Case Study: A New Kind of Kiwi
The last time New Zealand successfully introduced a fruit to North America (which in itself is a cool post-modern idea), it was the gooseberry. They renamed it the “kiwi,” introduced it to yuppies, foodies, and upscale supermarkets, and watched it take off.
Today, diffusing an idea about a new fruit is much more difficult. How then to launch a new kiwi, one that’s golden with an edible peel?
Zespri, the only company that knows how to grow the new kiwi, aimed at a niche—Latino foodies. The new kiwi has a lot in common with mangoes and papayas but is different enough to be remarkable. By targeting upscale Latino groceries, Zespri found underserved produce buyers who had both the time and the inclination to try something that was new and exclusive.
So, without advertising at all, Zespri gets the fruit in front of an audience of risk-taking sneezers. If Zespri is aggressive in doing in-store tasting, they’ve got an excellent chance of working their way through the Latino community and then eventually crossing over to the rest of the mass market. Last year, Zespri managed to sell more than $100 million worth of golden kiwi fruit, but unless you’re Latino, you’ve probably never even seen it.
The Benefits of Being the Cow
So it’s an interesting paradox. As the world gets more turbulent, more and more people seek safety. They want to eliminate as much risk as they can from their businesses and their careers.

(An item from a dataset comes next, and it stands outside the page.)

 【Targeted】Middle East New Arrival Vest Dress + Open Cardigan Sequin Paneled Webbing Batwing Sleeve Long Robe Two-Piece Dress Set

And most of the people mistakenly believe that the way to do that is to play it safe. To hide. So fewer and fewer people work to create a new Purple Cow.

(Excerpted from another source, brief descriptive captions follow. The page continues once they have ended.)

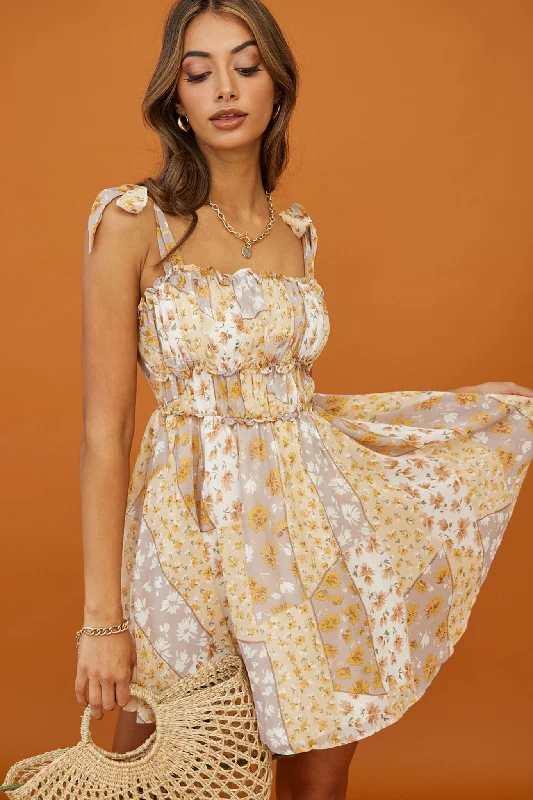 Long - Sleeve Women Dress in Velvet for a Luxurious Winter LookSunset Bellini Tied Shoulder Ruched Bust Dress Floral Print Yellow Multi Long - Sleeve Women Dress in Velvet for a Luxurious Winter LookSunset Bellini Tied Shoulder Ruched Bust Dress Floral Print Yellow Multi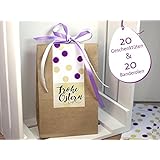 Ostern Set 20 Stück Geschenktüten Kraftpapier zum Befüllen mit selbstklebender Banderole dots Frohe Ostern, Aufkleber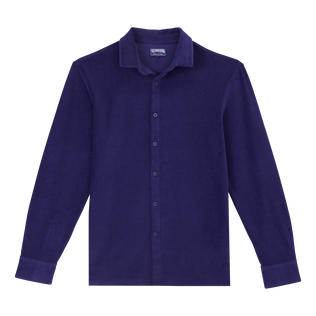 Men Terry Lightweight Shirt Solid Midnight front view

At the same time, the marketplace is getting faster and more fluid. Yes, we’re too busy to pay attention, but a portion of the population is more restless than ever. Some people are happy to switch their long distance service, their airline, their accounting firm—whatever it takes to get an edge. If the bank teller annoys you, well, there’s another bank right down the street. So while fewer people attempt to become the Cow, the rewards for being remarkable continue to increase ! At work is the ability of a small portion of eager experimenters to influence the rest of us.
As the ability to be remarkable continues to demonstrate its awesome value in the marketplace, the rewards that follow the Purple Cow increase.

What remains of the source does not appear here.